Radio Listening Software
There are a number of Radio devices, in particular those TV tuner devices which also contain a radio receiver/tuner, for which V4L directly supports. The following list of software applications allow one to control a radio tuner.
Radio Applications
Gnomeradio and kradio, the most fully featured applications, are not yet available in all distributions and need to be compiled first. Some of the older applications are mature and readily available, but no longer actively developed.
- fmtools also for the command-line (most distros)
- gkrellm-radio -- minimalistic gkrellm plugin to control radio tuners
- gnomeradio -- for Gnome, capable of recording
- gnuradio -- the GNU software radio, testing phase; cf. wiki
- gradio -- in Debian, but not currently active
- kradio for KDE
- MPlayer -- media player for Linux
- radio -- a curses-based radio application by Gerd Knorr, part of xawtv; see man page (most distros)
- radio script part of the MisterHouse project
- radioshark -- application to control the griffin radioshark
- XDRadio --- XDialog wrapper for radio listening
- xfce4-radio-plugin -- plugin for the Xfce panel
- xmms-fmradio -- plugin for XMMS, last version autumn 2004, Debian and Red Hat packages
Also See: For devices capable of receiving RDS information, see the associated userspace applications.
User experiences
If you're a user, post your installation and user experiences here!
fmtools
The package contains two binaries, fm and fmscan. To pick up all stations even with very weak reception, I issued,
$ fmscan -d /dev/radio2 fmscan -d /dev/radio3 -t 18 -i 0.1 Scanning range: 87.9 - 107.9 MHz (0.2 MHz increments)...
Nice and clean. I added an antenna, but still got weak reception. This is very useful for testing the radio and finding the stations; does it support directing the sound to a file? I try various combinations and end up with this to get 100% volume:
$ fm -d /dev/radio3 89.9 65535 Radio tuned to 89.88 MHz at 100.00% volume
Weird. I don't see a way to record; do I need to use sox? I don't know if I'm getting any sound, as I don't have speakers on this box.

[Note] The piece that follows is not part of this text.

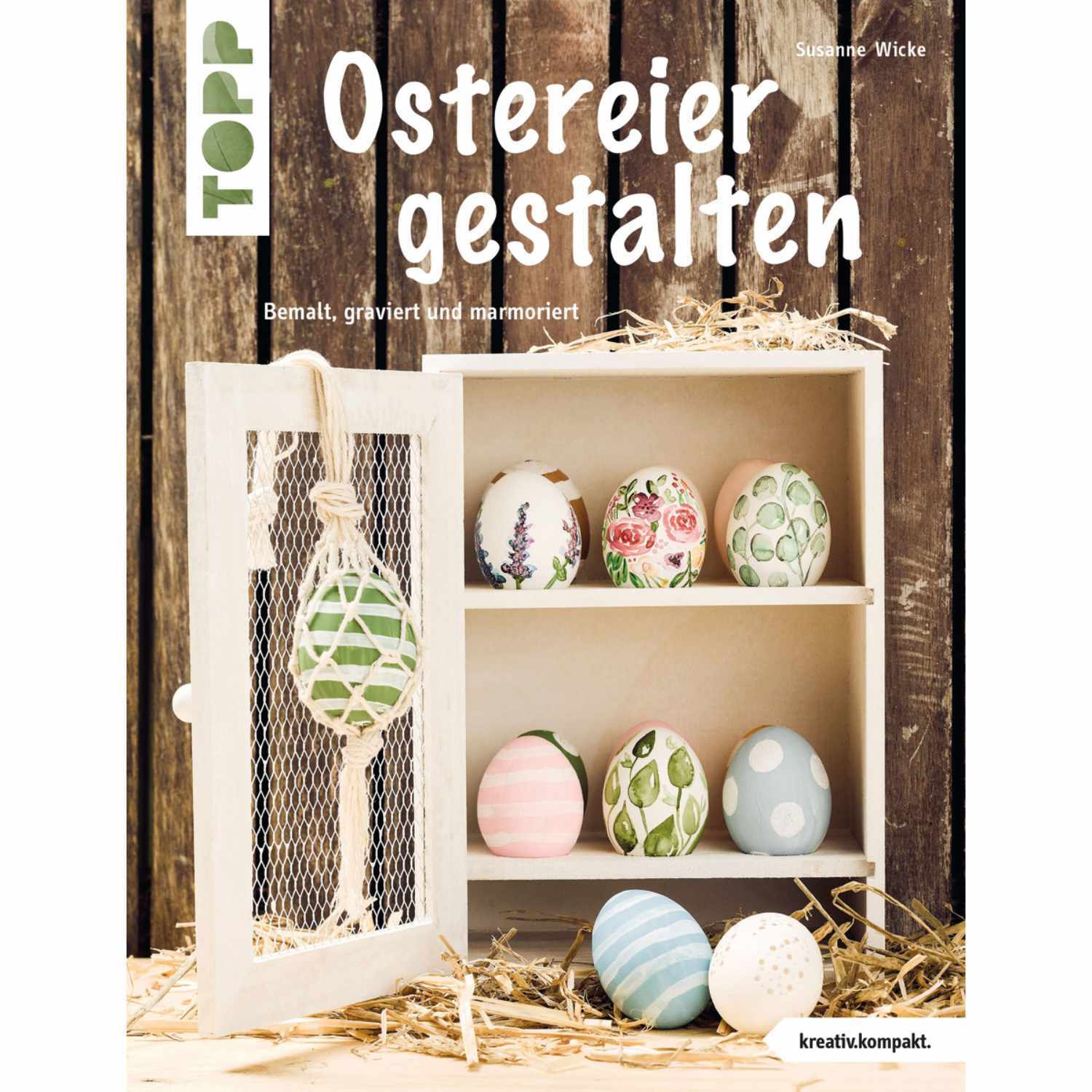 Ostereier gestalten: Ein Buch von TOPP zeigt dekorierte Ostereier in einem weißen Regal.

Sox is what gnomeradio uses to record and it thankfully sends commands it uses to standard out.
for wav file:
sox -c2 -w -r32000 -tossdsp /dev/audio -r 44100 -c 2 -w -twav /tmp/foo.wav
for mp3 or ogg:
sox -c2 -w -r32000 -tossdsp /dev/audio -r 44100 -c 2 -w -twav /tmp/fm_fifo &
and
lame -S -h -b 128 /tmp/fm_fifo /tmp/foo.mp3
or
oggenc -Q -b 128 -o /tmp/foo.ogg /tmp/fm_fifo
gnomeradio
Clearly a more sophisticated application. There's only a debian package for i386, so I'll need to build from the tarball. Since I'm mainly interested in remote recording, I'll try fmtools and radio first.
gradio
I tried gradio on Debian amd64, as it's available; it's very basic. If you don't have the card on /dev/radio, start with
gradio -d /dev/radio2
No recording capability, stable gui, minimal functionality -- tuner and volume. I had to hand-edit the .gradiorc configuration file to get station presets; I may have missed some way of doing this through the gui.
MPlayer
You can do a lot of things with MPlayer. As example, I use this syntax for radio listening:
mplayer -rawaudio rate=48000 radio://2/capture -radio adevice=hw=2:arate=48000:channels=93.8-Radio_Zones,94.7-SSR_1
This will start mplayer with sample rate = 48 kHz (choose the same than the one the sound card is using), listening to the second station onto the list, the tuner is the third sound card (ALSA device hw:2). For more examples: MPlayer radio tips.
You can add as many stations than wanted and use LIRC to control MPLayer.
I am running JACK all the time. I added
ao=jack,alsa
into ~.mplayer/config (for MPlayer) and mplayerplug-in.conf (for Firefox mplayerplug-in). For recording, I can use any JACK aware recording application.
I made a XDialog wrapper for radio listening using MPlayer and v4l2-cfg. I found it so good than I just made it public under the name XDRadio. You will have to make a list of your stations during the installation (very easy to do). After, it is just to run it and enjoy the radio.
radio
The radio package has a single binary, radio. The man page says it looks for the kradio configuration file ~/.kde/share/config/kradiorc. Failing that, radio tries ~/.radio. I issue,
radio -c /dev/radio3
and get a blue and red curses screen, very cool. Arrow keys increase and decrease frequency in 0.05 intervals. I'm clearly not picking up any signal to speak of. I figure I have a lower-level issue with the tuner.